The Star-Herald

Iron butterfly

Due to cultural or religious reasons, or possibly a very stern stepmother who kept her children locked in the attic for years, there are adults who have managed to avoid addiction to our country’s biggest vice, coffee.  For most of the rest of us, it is simply not possible for us to navigate a whole day without at least one cuppa’ Joe. An attempt to do so would be futile, like trying to complete Algebra homework with “In-A-Gadda-Da-Vida” piped into our headphones at 92 decibels … all 17:05 in a continuous loop.  The experience would be mind-blowing and counterproductive at best, but more likely acutely painful.

Fortunately, caffeine fiends are everywhere, so we openly feed our habit.  Once upon a time, the offer of a cup of coffee at a neighbor’s or when you cleaned up pretty for a job interview involved a glass jar with crumbles of crusty brown stuff that looked like crushed worm castings.  Sanka was considered “the good stuff,” though there were other brands equally capable of dissolving nearly instantaneously in hot water to make a bitter, brown beverage with a sludgy finish.

The advent of the microwave diminished the attraction of instant coffee since yesterday’s brew could be restored to hotness, though not goodness, by poking a few buttons.  Others simply leave the pot on the warmer for hours and hours for a fluid better suited to spackling nail holes in a dilapidated apartment than consumption. You can always doctor the stuff with that powdery white stuff with the oxymoronic name “non-dairy-creamer” and half a dozen packets of sugar.

Recently, people began to experience a “Johnny Paycheck moment,” eschewing coffee mediocrity for specialty shops.  They drive across town or across The County to get a cup of “their brand,” hoping for coffee that is smooth, flavorful and aromatic, as fulfilling as your first love before that relationship went south.  They barely contain their sense of betrayal when the experience fails to match the hype or the price.

Ben Nason was one of those guys.  But rather than set himself on a quixotic quest with disappointment scattered like punctuation across his experience, he took the time to educate himself.  He learned what elements were necessary to obtain a good cup of coffee. He began purchasing coffee beans from a number of different countries with flavors and characteristics as unique as their origins.  He mastered slow roasting and began blending beans to generate coffee flavors that complemented each other. He came up with combinations that pleased his palate, then formed his own company to offer patrons the opportunity to enjoy his coffee blends.  
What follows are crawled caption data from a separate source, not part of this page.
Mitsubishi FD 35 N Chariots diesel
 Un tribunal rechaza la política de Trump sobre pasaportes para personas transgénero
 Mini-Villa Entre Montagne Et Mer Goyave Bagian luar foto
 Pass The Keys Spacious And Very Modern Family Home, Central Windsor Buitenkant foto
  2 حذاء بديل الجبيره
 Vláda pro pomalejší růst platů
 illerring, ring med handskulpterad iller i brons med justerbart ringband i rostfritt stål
Most Saturdays between 8:30 a.m. and 1 p.m., you can find Ben under the Stori Bord Coffee canopy in the Presque Isle Farmers Market at Riverside.  He offers fresh, “flash brewed” coffee over ice that you can doctor with real cream and sugar syrup to your own tastes. Enjoy an iced coffee while you shop and purchase bags of blended coffee beans to grind fresh and brew at home.  

In-A-Gadda-Da-Vida, baby.

The Presque Isle Farmers’ Market president for the 2018 season is Deena Albert-Parks of Chops Ahoy Farm in Woodland. For information about participating or visiting the market, contact her at hoctrainer@aol.com.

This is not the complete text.